| WORK ITEM |
From the entries below, copy exactly the lines from the one that contains "灵芝可以和氨糖同服(灵芝和氨糖可同时服用，具有增效作用)" through the one that contains "Bluetooth-гарнітура Ajazz AHM08", both included, and only those.

| SOURCE RECORDS |
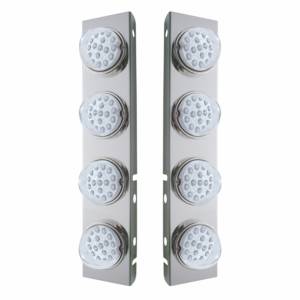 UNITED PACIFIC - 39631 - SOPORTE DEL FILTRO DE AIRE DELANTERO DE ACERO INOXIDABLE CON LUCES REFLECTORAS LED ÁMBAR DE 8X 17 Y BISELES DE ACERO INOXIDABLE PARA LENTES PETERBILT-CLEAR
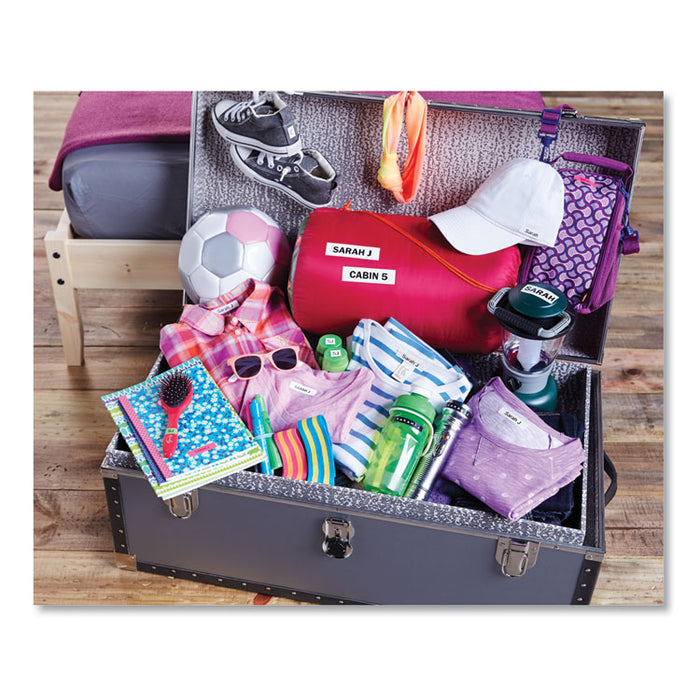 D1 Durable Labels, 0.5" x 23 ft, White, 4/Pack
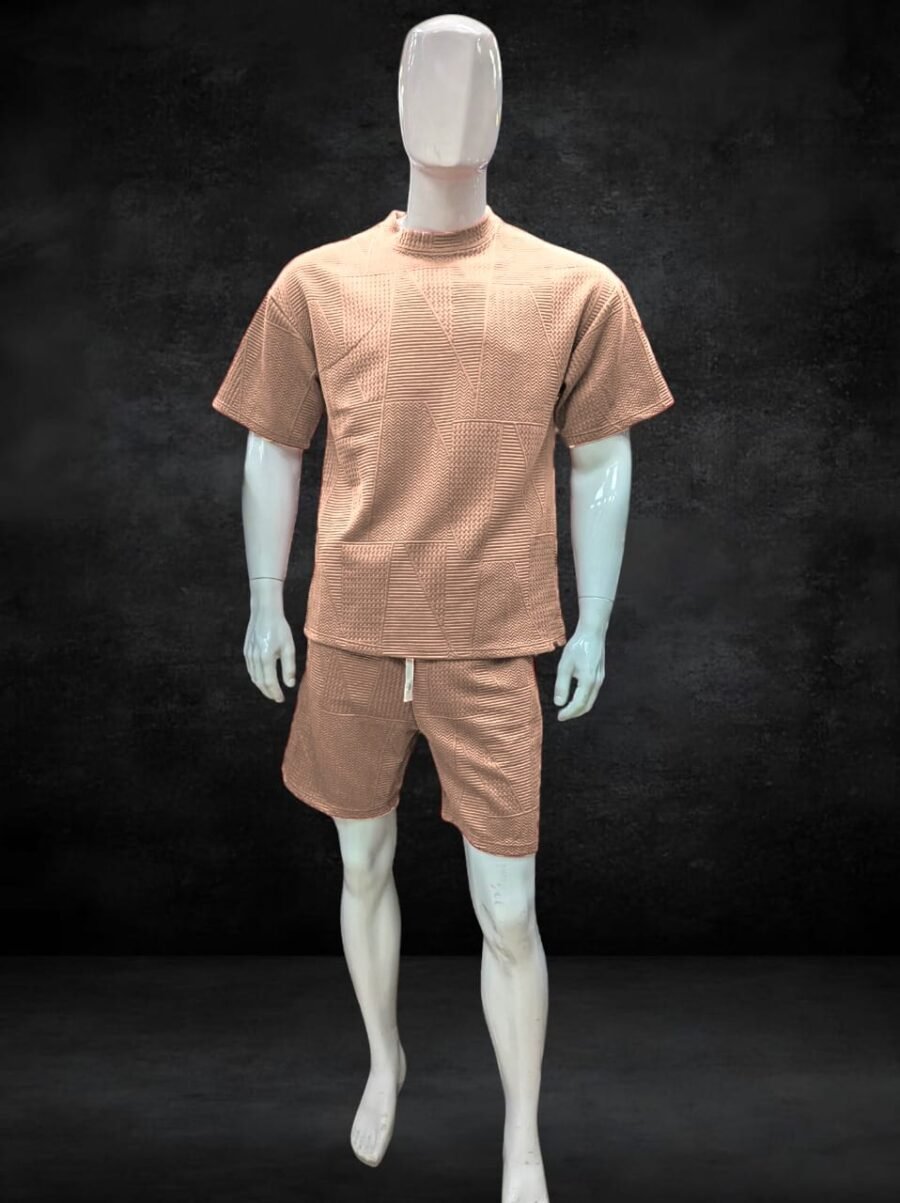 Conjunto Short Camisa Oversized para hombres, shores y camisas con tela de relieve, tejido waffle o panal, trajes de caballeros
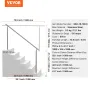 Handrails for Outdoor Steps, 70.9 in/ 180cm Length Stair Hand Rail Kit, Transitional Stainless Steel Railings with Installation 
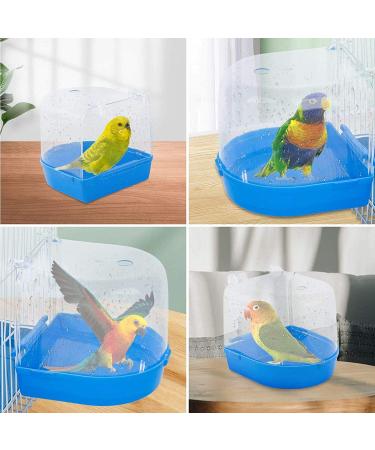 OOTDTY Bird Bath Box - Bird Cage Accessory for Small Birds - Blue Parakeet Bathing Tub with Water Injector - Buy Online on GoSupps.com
* * *
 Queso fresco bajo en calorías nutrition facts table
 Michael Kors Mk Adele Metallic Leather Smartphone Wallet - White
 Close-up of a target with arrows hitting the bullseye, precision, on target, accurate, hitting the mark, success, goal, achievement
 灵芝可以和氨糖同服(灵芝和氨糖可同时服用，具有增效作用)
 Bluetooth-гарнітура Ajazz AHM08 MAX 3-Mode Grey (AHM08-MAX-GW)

| ANSWER TO THE EXERCISE |
 灵芝可以和氨糖同服(灵芝和氨糖可同时服用，具有增效作用)
 Bluetooth-гарнітура Ajazz AHM08 MAX 3-Mode Grey (AHM08-MAX-GW)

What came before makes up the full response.